- **Work order**
Pull out every line below that contains the word "white".

Records drawn from a dataset:
◇ ◇ ◇
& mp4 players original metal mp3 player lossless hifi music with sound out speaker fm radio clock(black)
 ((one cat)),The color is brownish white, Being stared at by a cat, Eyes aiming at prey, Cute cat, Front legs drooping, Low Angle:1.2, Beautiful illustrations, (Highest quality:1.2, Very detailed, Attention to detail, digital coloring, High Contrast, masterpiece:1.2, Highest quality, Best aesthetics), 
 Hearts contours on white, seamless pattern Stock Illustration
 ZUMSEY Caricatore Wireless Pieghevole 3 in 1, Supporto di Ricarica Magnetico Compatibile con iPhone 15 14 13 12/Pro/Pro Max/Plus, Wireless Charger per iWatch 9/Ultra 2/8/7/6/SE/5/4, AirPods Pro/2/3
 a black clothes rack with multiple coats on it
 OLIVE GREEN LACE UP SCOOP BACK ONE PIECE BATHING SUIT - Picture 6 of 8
◇ ◇ ◇
- **Response to this exercise**
 ((one cat)),The color is brownish white, Being stared at by a cat, Eyes aiming at prey, Cute cat, Front legs drooping, Low Angle:1.2, Beautiful illustrations, (Highest quality:1.2, Very detailed, Attention to detail, digital coloring, High Contrast, masterpiece:1.2, Highest quality, Best aesthetics), 
 Hearts contours on white, seamless pattern Stock Illustration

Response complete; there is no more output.